Updated: Jan 14, 2024

This effect is not necessarily a conscious phenomenon, either. In a study of first and second graders in a Rhode Island school district, they performed better in reading and math when their curriculum included just an hour of music and an hour of art a week. There was a 22 percent difference in test scores between the students who enjoyed this exposure to music and art, and those who did not receive it.


According to a profile of SAT Program test takers:


Students with coursework/experience in music performance and music appreciation scored higher on the SAT: Students in music performance scored 57 points higher on the verbal and 41 points higher on the math, and students in music appreciation scored 63 points higher on verbal and 44 points higher on the math than did students with no arts participation.

Schools that produced the highest academic achievement in the United States spent 20 – 30 percent of the day on arts, with a special emphasis on music. A parochial elementary school in the Bronx that was about to lose its accreditation implemented an intensive music program into its day. Within eight years, 90 percent of students were reading at or above grade level.

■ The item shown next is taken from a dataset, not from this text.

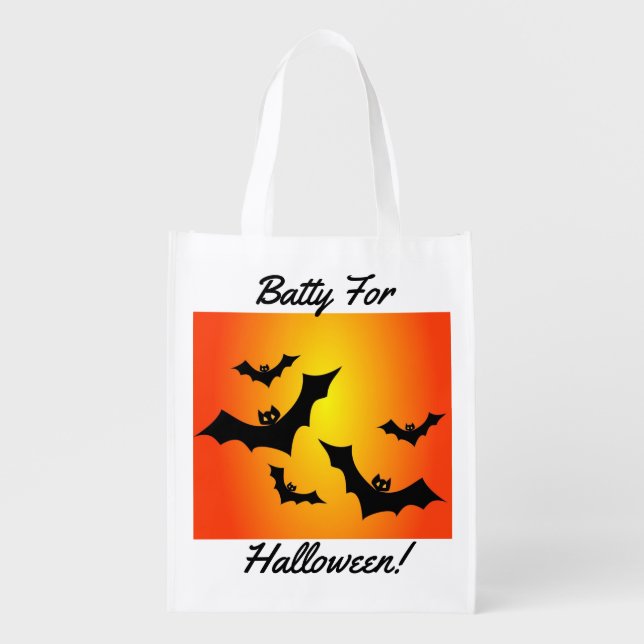 Batty For Halloween Trick Or Treat Reusable Grocery Bag (Front)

And finally, the Texas Commission on Drug and Alcohol Abuse noted that “secondary students who participated in band or orchestra reported the lowest lifetime and current use of all substances (alcohol, tobacco, and illicit drugs).”


So we should all agree that music education is important, perhaps even vital – and most of us do. In a 2004 Gallup poll, 95 percent of the people questioned felt that music was essential to education. Of those who answered the nationwide survey, 80 percent responded that music education made a child smarter. So the question becomes, do we want a nation of dumb kids?


School systems find themselves between a curricular rock and budgetary hard place when it comes to music. Said one California school superintendent, after effectively eliminating music from his system’s program of study, “The other choices were worse: cutting reading teachers, closing schools, or (cutting back on) class size reduction.”


The Pittsburgh Post-Gazette reported that schools in California had a 50 percent decline in the number of music education programs because of financial constraints. In Wisconsin, teachers claimed the No Child Left Behind law foisted on the nation is threatening music and art programs throughout the state: “School districts statewide are slashing the music and art programs in order to reduce the budget. They feel pressured to cut these programs first, because unlike math, writing, and reading, music and art are not government tested.”


One of those Wisconsin schools might actually have to return funds from VH-1’s Save the Music program because it doesn’t have a full-time music teacher to supervise the piano lab set up with the cable network’s $25,000 grant. It could buy the instruments, but once it had them, it couldn’t afford to hire anyone to use them.